Last night, the first private rocket was to take astronauts to the International Space Station. The first time US astronauts would be leaving from US soil since the last shuttle launched in 2011, something I was fortunate enough to watch. But this launch was called due to weather.
The thing is, when you are launching rockets with that acceleration and want to hit a certain position or target, you have a small launch window to make it work. It is partly why the launch of the James Webb Space Telescope has been moved so many times, not just in date, but in launch site. Each launch has an optimal window, and weather does not always cooperate. Yesterday’s launch was an instantaneous launch, meaning they had to leave on time or they would not hit the space station.
If you watched the live stream last night, the weatherman said that they should be clear 12 minutes after T-0:00, but they chose to scrub the mission. It was less because of the cloud cover, but there was also a concern that an abort down range would mean recovery teams would need to go out and collect the capsule and astronauts, all while a tropical storm is brewing off the coast.
Why does this matter? Think about our own risk assessments in diving. In the UK, we have our own instantaneous launch, ropes off is ropes off because of tide considerations. In the last four years, I have had more boat trips in the UK be called off for weather than I think I have actually attended, but I respect the decision of the boat crew.
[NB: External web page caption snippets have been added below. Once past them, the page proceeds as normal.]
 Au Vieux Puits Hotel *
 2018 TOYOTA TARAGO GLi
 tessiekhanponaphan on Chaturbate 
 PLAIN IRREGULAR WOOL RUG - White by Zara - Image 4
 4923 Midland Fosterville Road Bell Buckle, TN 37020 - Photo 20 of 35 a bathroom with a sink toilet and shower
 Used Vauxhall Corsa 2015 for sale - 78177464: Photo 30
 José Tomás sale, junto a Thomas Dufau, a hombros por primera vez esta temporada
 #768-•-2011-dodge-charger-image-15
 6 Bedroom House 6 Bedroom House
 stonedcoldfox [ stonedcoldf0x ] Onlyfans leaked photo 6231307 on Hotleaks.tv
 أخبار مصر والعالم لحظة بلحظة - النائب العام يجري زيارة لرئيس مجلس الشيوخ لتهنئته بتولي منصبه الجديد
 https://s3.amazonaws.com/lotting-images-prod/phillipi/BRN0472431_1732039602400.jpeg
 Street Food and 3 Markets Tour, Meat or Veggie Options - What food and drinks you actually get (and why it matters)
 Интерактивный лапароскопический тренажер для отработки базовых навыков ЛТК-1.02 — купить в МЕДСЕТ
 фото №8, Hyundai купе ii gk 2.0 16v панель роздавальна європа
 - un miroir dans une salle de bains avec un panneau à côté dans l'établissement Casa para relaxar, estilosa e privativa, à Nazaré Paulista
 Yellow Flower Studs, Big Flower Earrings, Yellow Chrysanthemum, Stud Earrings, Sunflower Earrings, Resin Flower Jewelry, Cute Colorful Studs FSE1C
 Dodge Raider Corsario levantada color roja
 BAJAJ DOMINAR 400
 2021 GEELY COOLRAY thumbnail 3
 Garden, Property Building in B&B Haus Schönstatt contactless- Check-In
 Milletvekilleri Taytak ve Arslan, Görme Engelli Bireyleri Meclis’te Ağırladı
The truth is, we should be risk assessing every dive, should have our own countdown sequence and systems check. We build kit and test it, we look broadly at the weather and decide to leave the dock. As we are kitting up, doing buddy checks, and even taking that step off of the boat, we should be constantly evaluating our readiness. I have two memorable aborted dives in the same four years. In one case I chose to abort as me and my buddy were on the swim line, I still am not sure what it was, but I just was not happy and decided that dive was not for me that day. We were in Egypt, on a liveaboard that I paid a substantial amount of money for, but it was not worth it if my head was not in the game.
The other, Tracey and I were in Scapa Flow for the centenary, TWO YEARS of waiting and countless money spent on the trip and the preparations.
Due to a series of events, there were two dives where one of us just was not happy, and about twenty minutes into the dive decided it was not worth it to be there anymore.
My challenge to many of you, forget the price tag of a dive. NASA lost about $1.2 million for every scrubbed shuttle mission, there is no data yet on what the cost to scrub last night’s mission was. But there were two human lives immediately affected by the launch, and in a downrange abort, numerous rescuers would be at risk.
If you are not up to a dive for whatever reason, call it. Remember ANY diver for ANY reason can call ANY dive. There is always another day.